◆ Task statement ◆
Look through the lines below and extract any with the word "Belagavi".

Start of Extracted entries

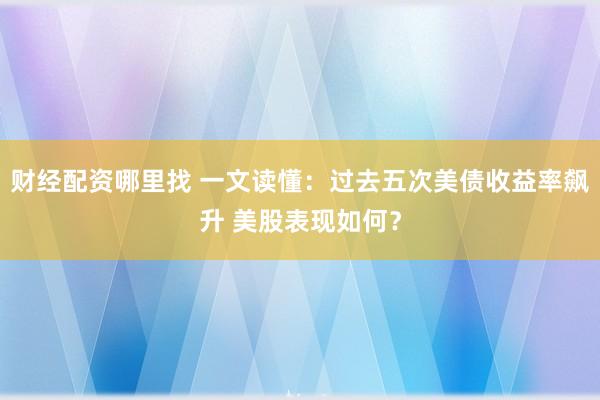 财经配资哪里找 一文读懂：过去五次美债收益率飙升 美股表现如何？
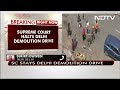 supreme court halts demolition drive in delhi s violence hit jahangirpuri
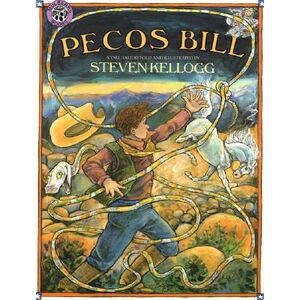 Pecos Bill -- Steven Kellogg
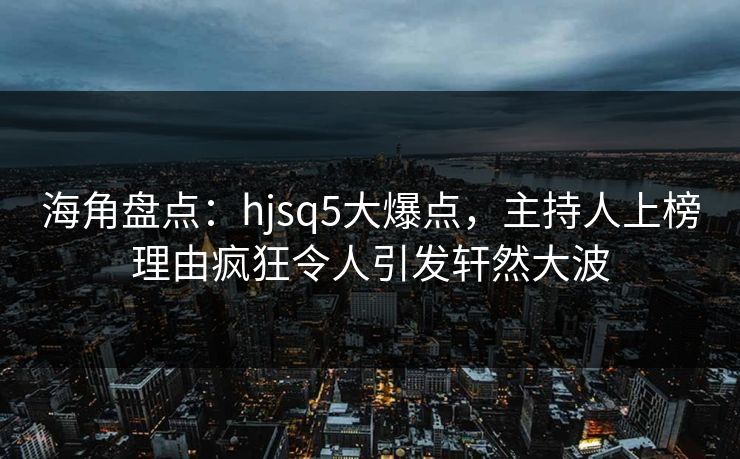 海角盘点：hjsq5大爆点，主持人上榜理由疯狂令人引发轩然大波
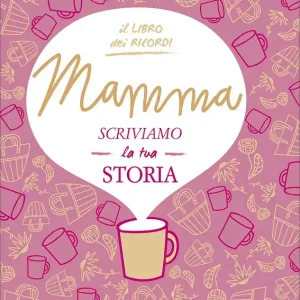 Miglior Prezzo Mamma scriviamo la tua storia Il libro dei ricordi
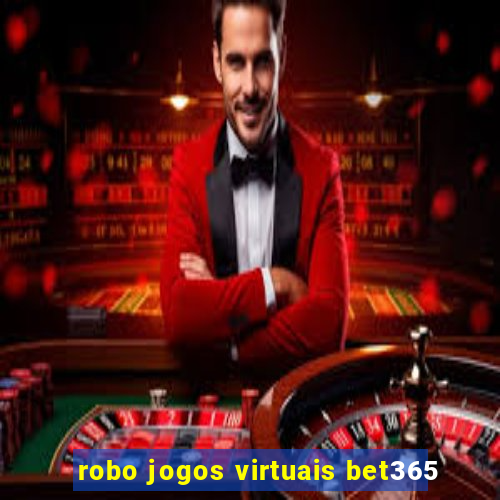 robo jogos virtuais bet365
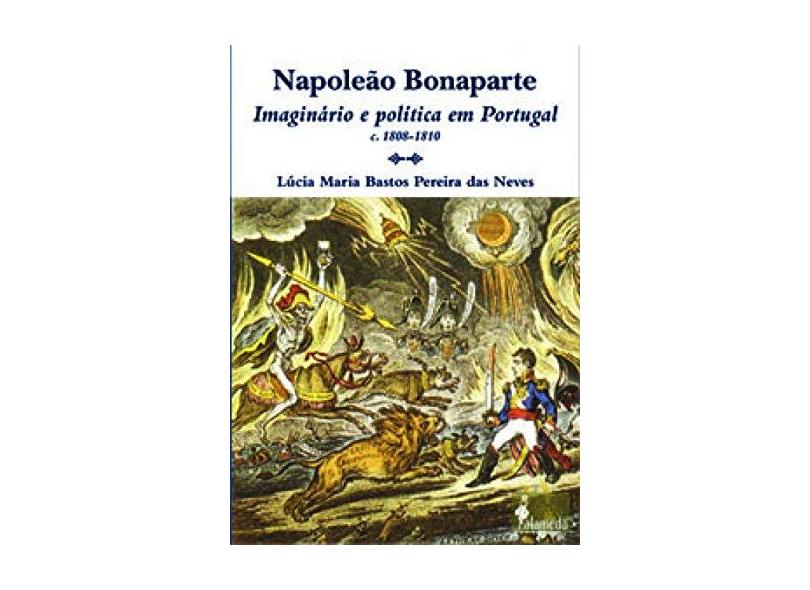 Napoleao Bonaparte - Imaginário e Política em Portugal - Neves, Lucia Maria Bastos Pereira Das - 9788598325668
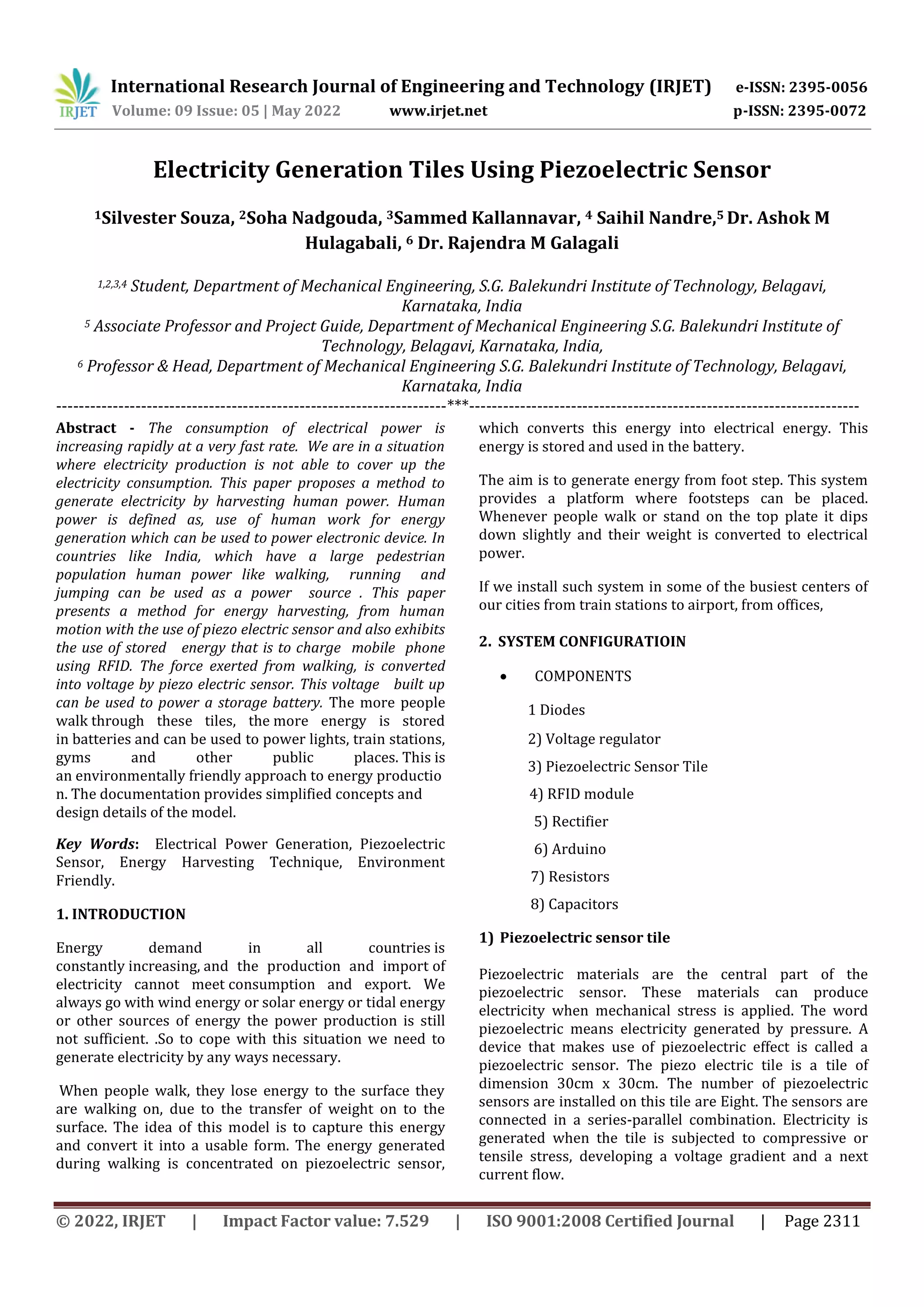 International Research Journal of Engineering and Technology (IRJET) e-ISSN: 2395-0056
Volume: 09 Issue: 05 | May 2022 www.irjet.net p-ISSN: 2395-0072
© 2022, IRJET | Impact Factor value: 7.529 | ISO 9001:2008 Certified Journal | Page 2311
Electricity Generation Tiles Using Piezoelectric Sensor
1Silvester Souza, 2Soha Nadgouda, 3Sammed Kallannavar, 4 Saihil Nandre,5 Dr. Ashok M
Hulagabali, 6 Dr. Rajendra M Galagali
1,2,3,4 Student, Department of Mechanical Engineering, S.G. Balekundri Institute of Technology, Belagavi,
Karnataka, India
5 Associate Professor and Project Guide, Department of Mechanical Engineering S.G. Balekundri Institute of
Technology, Belagavi, Karnataka, India,
6 Professor & Head, Department of Mechanical Engineering S.G. Balekundri Institute of Technology, Belagavi,
Karnataka, India
---------------------------------------------------------------------***---------------------------------------------------------------------
Key Words: Electrical Power Generation, Piezoelectric
Sensor, Energy Harvesting Technique, Environment
Friendly.
1. INTRODUCTION
Energy demand in all countries is
constantly increasing, and the production and import of
electricity cannot meet consumption and export. We
always go with wind energy or solar energy or tidal energy
or other sources of energy the power production is still
not sufficient. .So to cope with this situation we need to
generate electricity by any ways necessary.
When people walk, they lose energy to the surface they
are walking on, due to the transfer of weight on to the
surface. The idea of this model is to capture this energy
and convert it into a usable form. The energy generated
during walking is concentrated on piezoelectric sensor,
which converts this energy into electrical energy. This
energy is stored and used in the battery.
The aim is to generate energy from foot step. This system
provides a platform where footsteps can be placed.
Whenever people walk or stand on the top plate it dips
down slightly and their weight is converted to electrical
power.
If we install such system in some of the busiest centers of
our cities from train stations to airport, from offices,
2. SYSTEM CONFIGURATIOIN
 COMPONENTS
1 Diodes
1) Piezoelectric sensor tile
Piezoelectric materials are the central part of the
piezoelectric sensor. These materials can produce
electricity when mechanical stress is applied. The word
piezoelectric means electricity generated by pressure. A
device that makes use of piezoelectric effect is called a
piezoelectric sensor. The piezo electric tile is a tile of
dimension 30cm x 30cm. The number of piezoelectric
sensors are installed on this tile are Eight. The sensors are
connected in a series-parallel combination. Electricity is
generated when the tile is subjected to compressive or
tensile stress, developing a voltage gradient and a next
current flow.
4) RFID module
5) Rectifier
6) Arduino
7) Resistors
8) Capacitors
2) Voltage regulator
3) Piezoelectric Sensor Tile
Abstract - The consumption of electrical power is
increasing rapidly at a very fast rate. We are in a situation
where electricity production is not able to cover up the
electricity consumption. This paper proposes a method to
generate electricity by harvesting human power. Human
power is defined as, use of human work for energy
generation which can be used to power electronic device. In
countries like India, which have a large pedestrian
population human power like walking, running and
jumping can be used as a power source . This paper
presents a method for energy harvesting, from human
motion with the use of piezo electric sensor and also exhibits
the use of stored energy that is to charge mobile phone
using RFID. The force exerted from walking, is converted
into voltage by piezo electric sensor. This voltage built up
can be used to power a storage battery. The more people
walk through these tiles, the more energy is stored
in batteries and can be used to power lights, train stations,
gyms and other public places. This is
an environmentally friendly approach to energy productio
n. The documentation provides simplified concepts and
design details of the model.
 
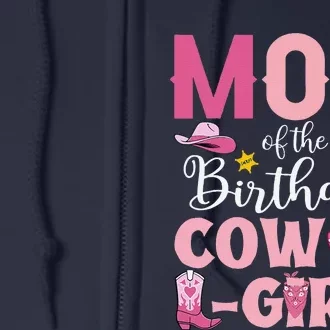 Mom Of The Birthday Cowgirl Rodeo Party Bday Girl Party Full Zip Hoodie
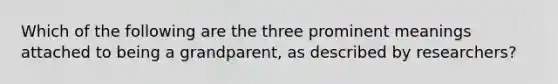 Which of the following are the three prominent meanings attached to being a grandparent, as described by researchers?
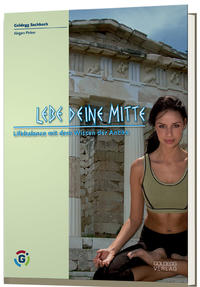 Vorderes Coverbild Lebe Deine Mitte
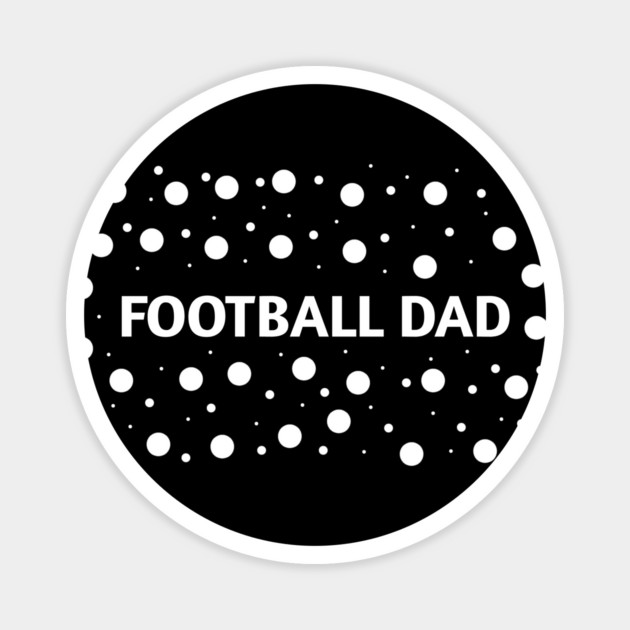 Football Dad, Gift for Football Players Magnet by BlackMeme94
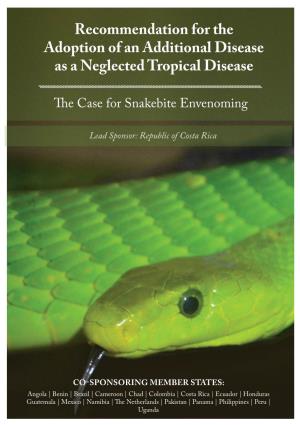 Recommendation for the Adoption of an Additional Disease As a Neglected Tropical Disease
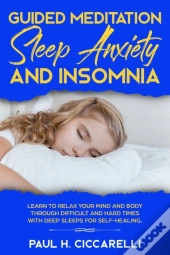 Guided Meditation, Sleep Anxiety, And In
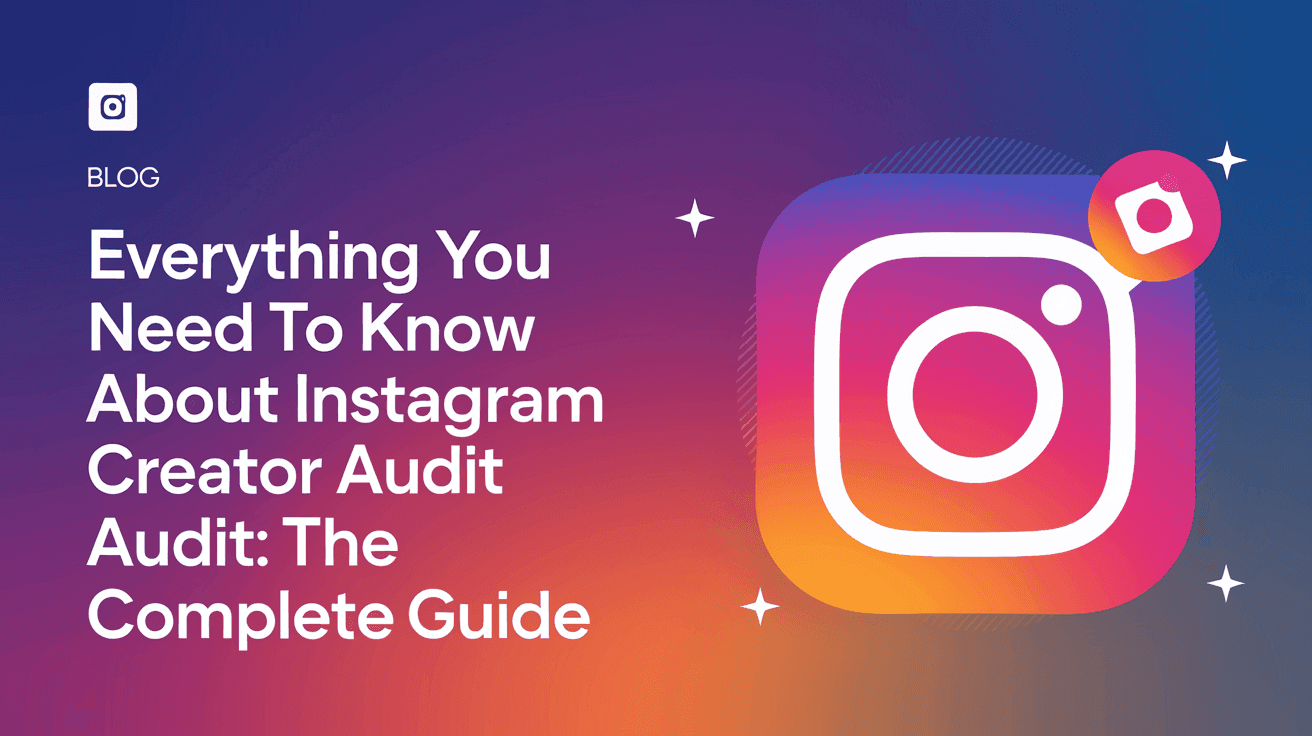 Everything You Need to Know About Instagram Creator Audit: The Complete Guide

End of Extracted entries

◆ Response for this exercise ◆
1,2,3,4 Student, Department of Mechanical Engineering, S.G. Balekundri Institute of Technology, Belagavi,
Technology, Belagavi, Karnataka, India,
6 Professor & Head, Department of Mechanical Engineering S.G. Balekundri Institute of Technology, Belagavi,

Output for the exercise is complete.